EXERCISE REQUIREMENTS :: From the listing that follows, reproduce only the lines from the one holding "Loquita everyday bag, yellow" through the one holding "Machine de cisaillement", both included, with no pictures.

PROVIDED MATERIAL ::
◆ ◆ ◆ ◆ ◆
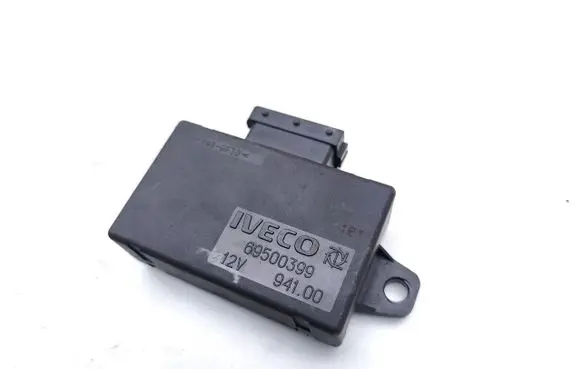 Iveco Daily 35.8 - 9 Door central lock control unit/module 69500399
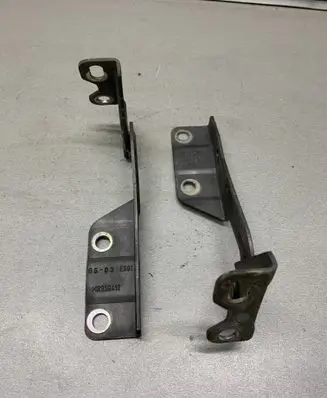 Mitsubishi Colt Engine bonnet/hood hinges MR959411 MR959412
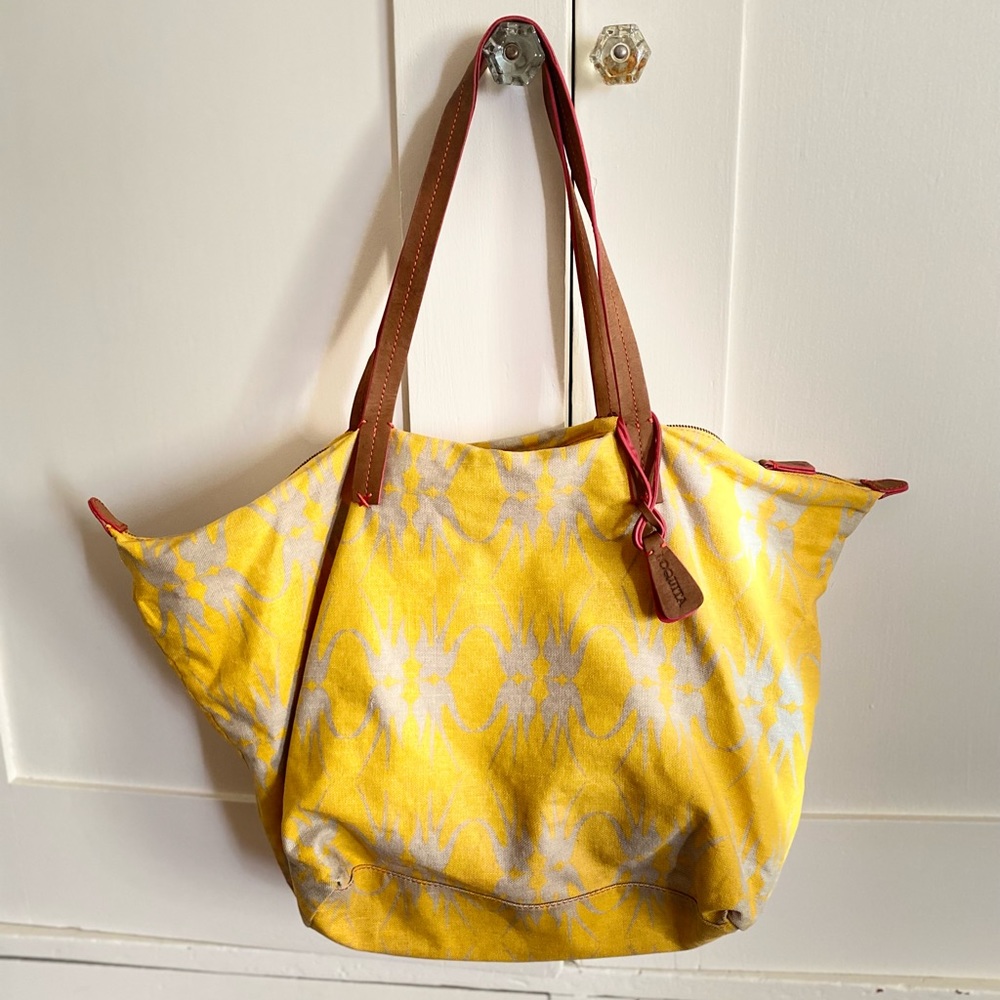 Loquita everyday bag, yellow with silver pattern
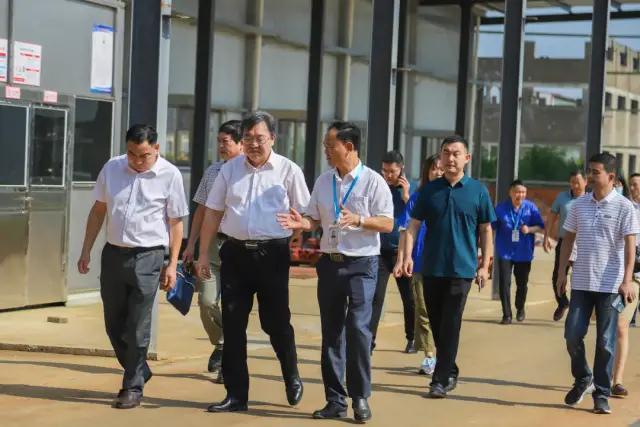 宣城市副市長寧偉一行走訪安徽江南泵閥集團(tuán)調(diào)研技改項(xiàng)目 宣城市副市長寧偉一行走訪安徽江南泵閥集團(tuán)調(diào)研技改項(xiàng)目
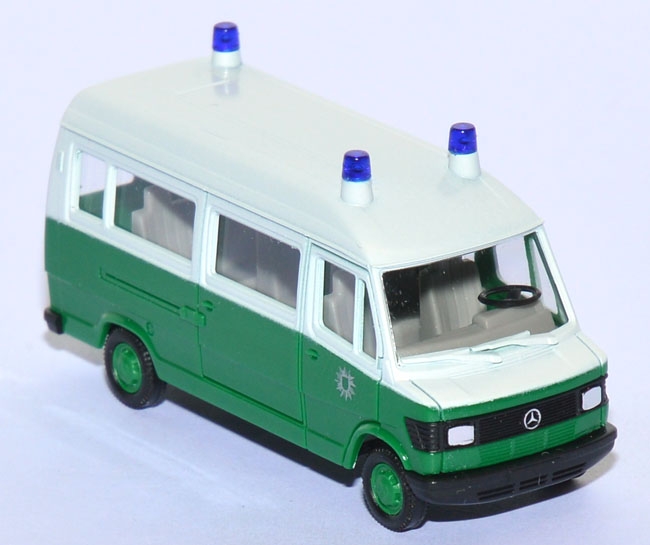 Mercedes-Benz 207 D Bus BGS Bundespolizei grün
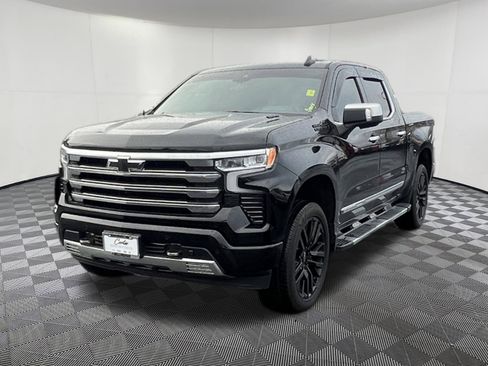 Used 2024 Chevrolet Silverado 1500 High Country w/ Technology Package image 3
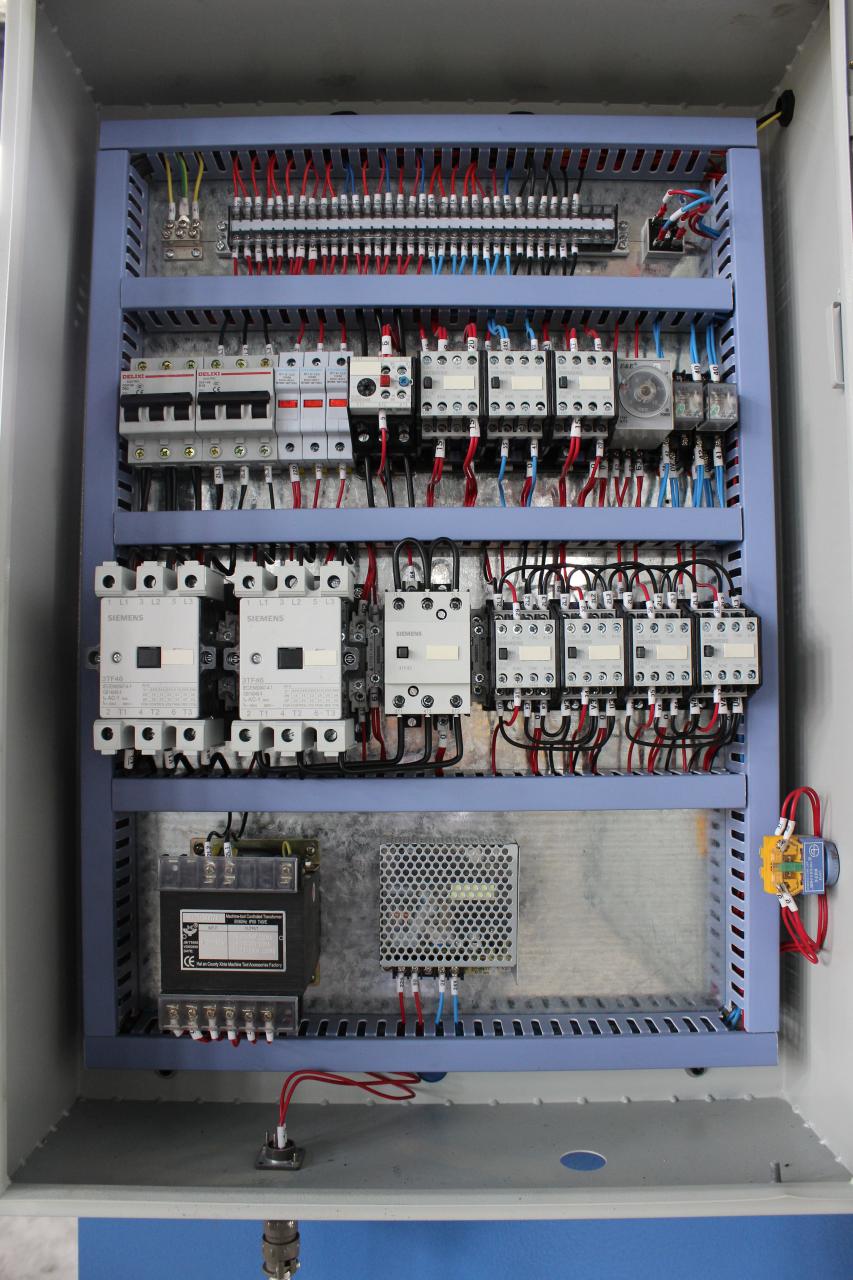 Machine de cisaillement hydraulique de poutre d'oscillation de Nc de longueur de 2.5m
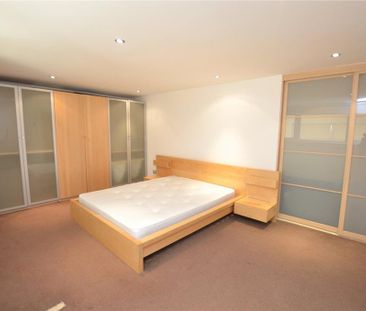 3 bedroom flat to rent - Photo 5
◆ ◆ ◆ ◆ ◆
COMPLETED TASK ::
 Loquita everyday bag, yellow with silver pattern
 宣城市副市長寧偉一行走訪安徽江南泵閥集團(tuán)調(diào)研技改項(xiàng)目 宣城市副市長寧偉一行走訪安徽江南泵閥集團(tuán)調(diào)研技改項(xiàng)目
 Mercedes-Benz 207 D Bus BGS Bundespolizei grün
 Used 2024 Chevrolet Silverado 1500 High Country w/ Technology Package image 3
 Machine de cisaillement hydraulique de poutre d'oscillation de Nc de longueur de 2.5m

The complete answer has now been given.